- **Exercise aim**
Go to the line holding "Фуры на стоянке" in the data below. Return it and each line after it through the last, exactly, and skip the pictures.

- **Raw data**
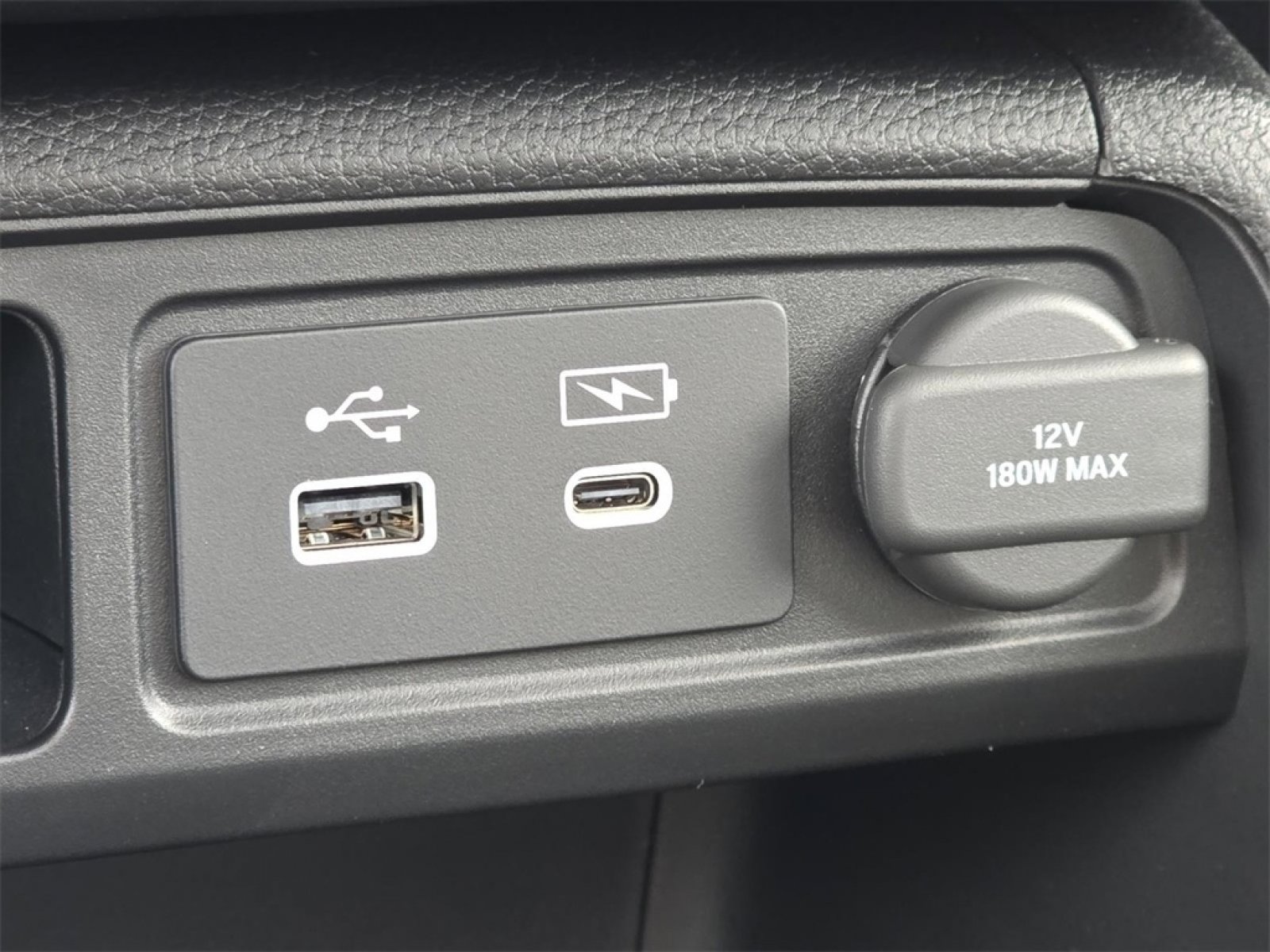 New 2025 Honda Pilot Touring image 11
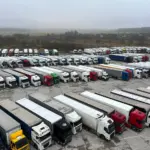 Фуры на стоянке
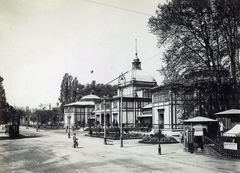 Magyarország, Városliget, Budapest XIV., Millenniumi kiállításra épített Budapest fő- és székesfőváros pavilonja. A felvétel 1896-ban készült. A kép forrását kérjük így adja meg: Fortepan / Budapest Főváros Levéltára. Levéltári jelzet: HU.BFL.XV.19.d.1.09.026, 1900, Budapest Főváros Levéltára / Klösz György fényképei, Klösz György, villamos, Budapest, Ezredéves Országos Kiállítás, Fortepan #82700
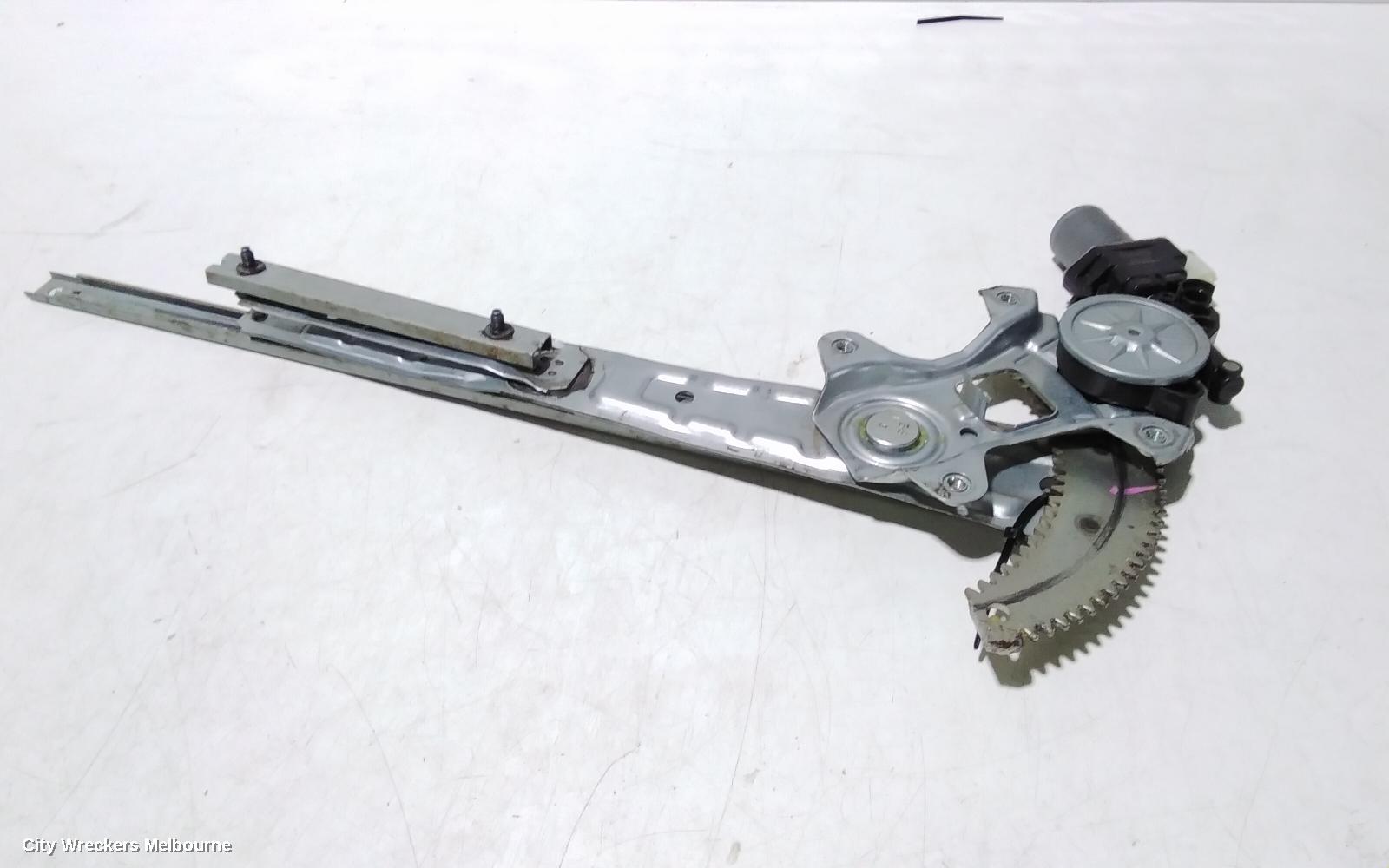 MITSUBISHI TRITON LEFT FRONT WINDOW REG/MOTOR, MQ-MR, 03/2015 - 10/2023 - Image 2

- **Written response**
 Фуры на стоянке
 Magyarország, Városliget, Budapest XIV., Millenniumi kiállításra épített Budapest fő- és székesfőváros pavilonja. A felvétel 1896-ban készült. A kép forrását kérjük így adja meg: Fortepan / Budapest Főváros Levéltára. Levéltári jelzet: HU.BFL.XV.19.d.1.09.026, 1900, Budapest Főváros Levéltára / Klösz György fényképei, Klösz György, villamos, Budapest, Ezredéves Országos Kiállítás, Fortepan #82700
 MITSUBISHI TRITON LEFT FRONT WINDOW REG/MOTOR, MQ-MR, 03/2015 - 10/2023 - Image 2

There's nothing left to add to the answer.